WRP benefits very broad
“The benefits from the Wetland Reserve Program are perhaps the broadest of any USDA conservation program — permanent conservation of habitat, continued private ownership and economic benefit from cattle ranching, and wetland restoration that revives lost habitats and retains and cleans water for the people of central and south Florida.”
Melissa L. Meeker, executive director, South Florida Water Management District
“The District appreciates the opportunity to work with public and private partners for the common goal of protecting and restoring the vast natural landscapes of the Northern Everglades.”
“The Wetland Reserve Program offers significant benefits to south Florida and the Northern Everglades such as improvements in water quality, expanded wetlands and connected natural areas that support a diverse array of wildlife.”

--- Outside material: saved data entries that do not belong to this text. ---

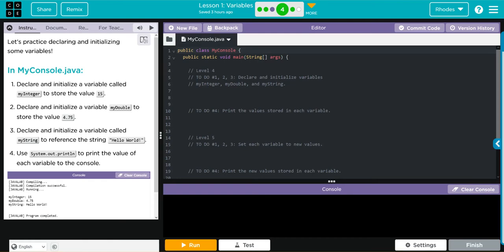Hey kids, welcome to Unit Two, Lesson One: Variables, Exercise Number Four. Let's practice declaring and initializing some variables. In Console.java, we're going to declare and initialize a variable called myInteger to store the value 15, a variable myDouble to store 4.75, and a variable myString to reference the string 'Hello World'. Then we'll use System.out.println to print all of these to the console. This doesn't sound too bad — let's jump in.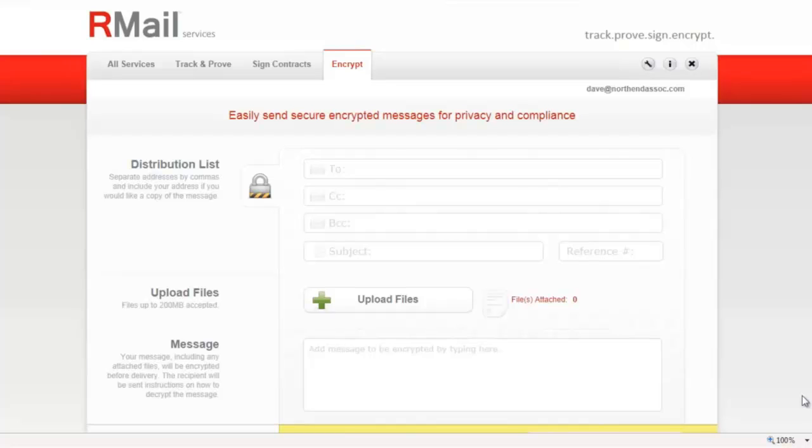This video will walk you through how to send an encrypted email for privacy using the rPost rMail services. We'll follow three simple steps.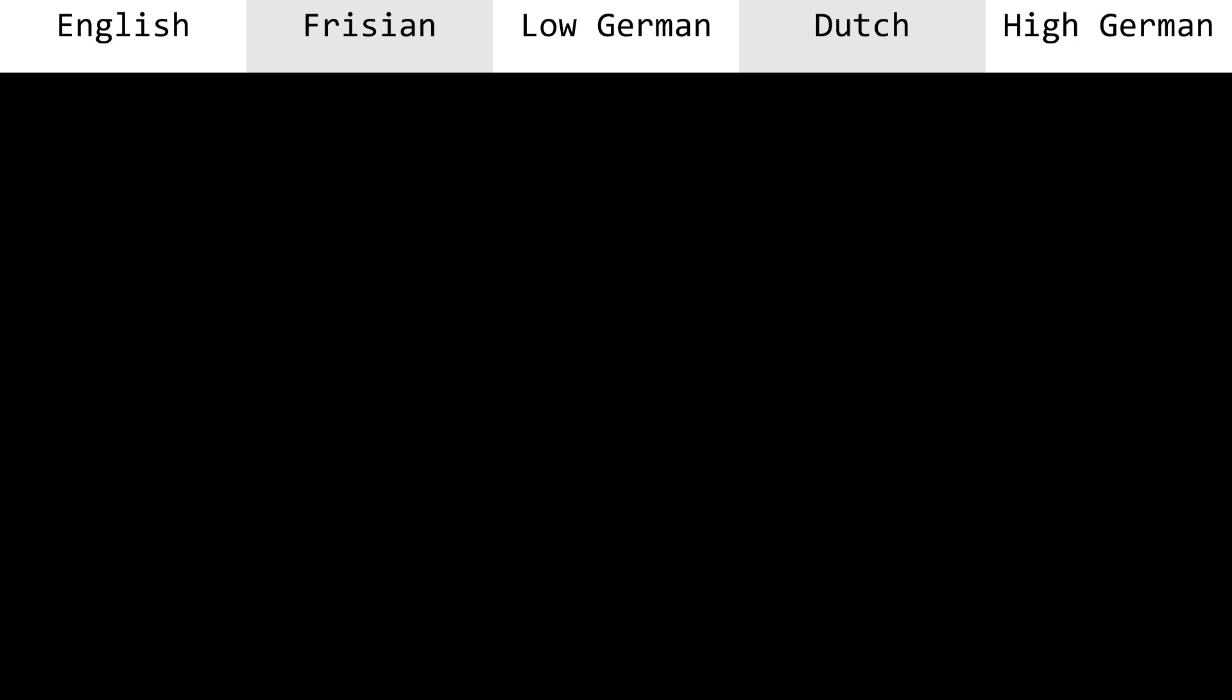These three changes are what make modern Germanic languages have so many vowels. However, the exact way they work differs from language to language. English and Frisian have front vowel unrounding, merging some vowels.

Eva Webb, Board of Supervisors, Palm Beach Soil and Water Conservation District
“Conservation Districts have been and are working with NRCS on various projects throughout the state. NRCS has worked in partnership and cooperatively with this state’s soil and water conservation districts on many meaningful projects, too numerous to name.
“They have offered much needed and valuable conservation programs, technical support, and information to Soil and Water Conservation Districts and local communities.
"NRCS programs such as EQIP and WRP are vitally important to Everglades restoration projects. These programs have helped farmers in the Everglades Agricultural Area implement important conservation practices as a part of their Best Management Practices Plans.
“Conservation practices are designed to help reduce nutrient runoff from our farms into the Everglades. To date, farmers have spent millions to comply with water quality standards and conservation practices.
“Without WRP and EQIP cost-share dollars, farmers might not otherwise be able to afford to implement some of these costly conservation practices. NRCS EQIP and WRP programs are vital to Everglades restoration.”